# [Work request]
In the material below, the lines to repeat exactly run from the one containing "Used 2025 Honda Accord SE image 32" to the very last line, both included.

# [Data section]
++++++++++
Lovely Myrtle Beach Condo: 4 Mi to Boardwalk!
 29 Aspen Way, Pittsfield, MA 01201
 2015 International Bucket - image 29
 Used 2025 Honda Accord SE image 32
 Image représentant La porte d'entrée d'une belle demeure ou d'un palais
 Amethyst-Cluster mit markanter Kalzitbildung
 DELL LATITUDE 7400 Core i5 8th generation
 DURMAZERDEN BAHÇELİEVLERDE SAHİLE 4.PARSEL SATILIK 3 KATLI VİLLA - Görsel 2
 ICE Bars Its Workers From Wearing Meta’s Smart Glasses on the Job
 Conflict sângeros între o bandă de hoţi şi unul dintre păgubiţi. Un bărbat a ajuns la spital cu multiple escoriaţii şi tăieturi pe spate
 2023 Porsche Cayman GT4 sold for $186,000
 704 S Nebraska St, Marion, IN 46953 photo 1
++++++++++
# [Task answer]
 Used 2025 Honda Accord SE image 32
 Image représentant La porte d'entrée d'une belle demeure ou d'un palais
 Amethyst-Cluster mit markanter Kalzitbildung
 DELL LATITUDE 7400 Core i5 8th generation
 DURMAZERDEN BAHÇELİEVLERDE SAHİLE 4.PARSEL SATILIK 3 KATLI VİLLA - Görsel 2
 ICE Bars Its Workers From Wearing Meta’s Smart Glasses on the Job
 Conflict sângeros între o bandă de hoţi şi unul dintre păgubiţi. Un bărbat a ajuns la spital cu multiple escoriaţii şi tăieturi pe spate
 2023 Porsche Cayman GT4 sold for $186,000
 704 S Nebraska St, Marion, IN 46953 photo 1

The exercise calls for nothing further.